'''

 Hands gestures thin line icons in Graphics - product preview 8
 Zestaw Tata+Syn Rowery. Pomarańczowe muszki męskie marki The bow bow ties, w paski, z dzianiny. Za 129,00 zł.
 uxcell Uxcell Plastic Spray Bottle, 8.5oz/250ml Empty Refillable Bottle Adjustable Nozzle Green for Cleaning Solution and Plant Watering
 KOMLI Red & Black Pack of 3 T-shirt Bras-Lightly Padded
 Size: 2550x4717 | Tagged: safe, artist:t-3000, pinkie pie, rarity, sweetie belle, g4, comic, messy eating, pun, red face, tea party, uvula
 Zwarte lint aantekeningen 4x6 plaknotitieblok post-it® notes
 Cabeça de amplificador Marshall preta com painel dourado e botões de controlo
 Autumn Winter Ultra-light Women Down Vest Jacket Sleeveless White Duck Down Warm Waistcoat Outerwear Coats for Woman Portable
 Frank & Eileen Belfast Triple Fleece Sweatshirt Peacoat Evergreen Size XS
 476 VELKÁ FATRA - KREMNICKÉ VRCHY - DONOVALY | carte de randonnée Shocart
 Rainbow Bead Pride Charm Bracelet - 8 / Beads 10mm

'''

* Goal of the exercise
Retype, without any change, every line from the one with "476 VELKÁ FATRA" to the bottom of the listing.

* Answer for this exercise
 476 VELKÁ FATRA - KREMNICKÉ VRCHY - DONOVALY | carte de randonnée Shocart
 Rainbow Bead Pride Charm Bracelet - 8 / Beads 10mm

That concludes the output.